A lyrical look at how progressives need George Bush

Over at the Paragraph Farmer, you can read an almost lyrical article examining the way in which Progressives desperately needed George Bush to give meaning and shape to their lives, and get a sense of the problems they’ll have when, as will inevitably happen in 2009, he leaves the political scene.  Here’s just a sample to whet your appetite:

Anger is the second stage on the continuum of response to trauma, and a textbook expression of that emotion was offered by the two towns in Vermont that voted earlier this month to indict the president on charges of “violating the Constitution.” While Green Mountain State activists high-five each other over pints of “Chunky Monkey” and “Cherry Garcia,” their allies in the mainstream media play a game of guilt by association, because the anger they feel toward President Bush often extends even to things that involve him only peripherally. For example, former newscaster Bree Walker makes her home in California, but bought property in Texas that used to belong to Cindy Sheehan, and promptly professed herself appalled by billboards that welcome people to Crawford by describing it as the “Hometown of President George W. Bush.”

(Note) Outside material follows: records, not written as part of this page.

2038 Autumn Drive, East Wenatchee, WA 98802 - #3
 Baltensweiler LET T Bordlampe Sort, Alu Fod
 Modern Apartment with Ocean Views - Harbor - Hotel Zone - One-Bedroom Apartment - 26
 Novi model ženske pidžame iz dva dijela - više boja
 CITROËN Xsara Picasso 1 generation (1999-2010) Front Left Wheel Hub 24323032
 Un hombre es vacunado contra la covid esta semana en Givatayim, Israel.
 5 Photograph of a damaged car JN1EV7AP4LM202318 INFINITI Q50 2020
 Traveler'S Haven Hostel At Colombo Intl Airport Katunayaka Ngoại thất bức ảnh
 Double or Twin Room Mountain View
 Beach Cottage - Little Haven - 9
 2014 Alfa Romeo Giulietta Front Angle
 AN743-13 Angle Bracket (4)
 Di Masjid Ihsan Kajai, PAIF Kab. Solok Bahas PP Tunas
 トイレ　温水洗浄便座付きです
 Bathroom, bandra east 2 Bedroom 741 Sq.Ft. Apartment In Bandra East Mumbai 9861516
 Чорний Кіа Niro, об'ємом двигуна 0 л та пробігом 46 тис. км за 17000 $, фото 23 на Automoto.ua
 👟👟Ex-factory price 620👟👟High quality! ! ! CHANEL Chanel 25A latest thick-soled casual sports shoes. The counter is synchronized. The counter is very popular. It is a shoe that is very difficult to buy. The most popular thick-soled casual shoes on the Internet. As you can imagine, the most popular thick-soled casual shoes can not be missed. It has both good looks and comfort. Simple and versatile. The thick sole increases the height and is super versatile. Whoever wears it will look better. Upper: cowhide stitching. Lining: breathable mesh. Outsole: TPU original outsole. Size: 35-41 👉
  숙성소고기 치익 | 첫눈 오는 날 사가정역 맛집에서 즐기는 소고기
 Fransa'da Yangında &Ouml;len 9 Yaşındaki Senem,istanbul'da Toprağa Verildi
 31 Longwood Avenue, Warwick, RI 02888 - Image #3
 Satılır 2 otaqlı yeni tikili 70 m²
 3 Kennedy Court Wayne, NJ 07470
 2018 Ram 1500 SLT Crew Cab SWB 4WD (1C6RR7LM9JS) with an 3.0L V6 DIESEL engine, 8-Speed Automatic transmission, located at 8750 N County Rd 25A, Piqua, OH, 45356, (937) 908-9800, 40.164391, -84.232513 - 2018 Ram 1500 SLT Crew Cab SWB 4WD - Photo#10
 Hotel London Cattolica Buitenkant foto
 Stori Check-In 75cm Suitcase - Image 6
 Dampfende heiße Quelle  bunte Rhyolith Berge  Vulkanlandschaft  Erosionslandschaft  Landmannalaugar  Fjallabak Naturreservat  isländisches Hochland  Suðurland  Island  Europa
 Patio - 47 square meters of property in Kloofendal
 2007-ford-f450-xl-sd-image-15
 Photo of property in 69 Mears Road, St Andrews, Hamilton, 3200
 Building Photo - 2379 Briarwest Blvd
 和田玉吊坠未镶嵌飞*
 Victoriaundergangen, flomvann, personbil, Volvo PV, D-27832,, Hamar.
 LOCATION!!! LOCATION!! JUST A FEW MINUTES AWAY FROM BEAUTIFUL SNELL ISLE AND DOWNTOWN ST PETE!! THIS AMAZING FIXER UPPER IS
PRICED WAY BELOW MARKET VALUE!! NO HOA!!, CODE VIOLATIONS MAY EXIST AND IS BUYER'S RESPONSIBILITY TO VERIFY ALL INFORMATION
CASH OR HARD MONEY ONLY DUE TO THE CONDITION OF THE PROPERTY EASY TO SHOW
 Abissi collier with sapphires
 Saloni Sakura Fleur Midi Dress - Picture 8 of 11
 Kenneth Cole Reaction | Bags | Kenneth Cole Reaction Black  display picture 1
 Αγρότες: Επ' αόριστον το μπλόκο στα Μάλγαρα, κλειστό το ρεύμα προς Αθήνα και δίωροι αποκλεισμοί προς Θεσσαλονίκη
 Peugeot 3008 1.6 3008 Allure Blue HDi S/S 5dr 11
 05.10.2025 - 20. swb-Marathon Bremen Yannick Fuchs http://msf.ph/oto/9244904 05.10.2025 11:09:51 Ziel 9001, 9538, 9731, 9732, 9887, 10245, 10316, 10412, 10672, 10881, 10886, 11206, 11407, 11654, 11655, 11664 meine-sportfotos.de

Bushian influence is a pernicious thing to pundits of her ilk. Walker, not a Texas Ranger, now promises to “stand by with gallons of white paint and enough brushes and rollers for every man, woman and child who’ll join us in eradicating what the folks hereabouts may someday come to see as an obscenity and smear on the good name of Crawford.” If the townsfolk don’t rush to her paint brushes, Walker will probably trade Diet Dr. Pepper for a soft drink with no roots in the Lone Star State. As a subheading in Newsweek magazine recently screeched, “Texas produces more carbon emissions than most countries, but the state government and business community don’t seem too concerned.”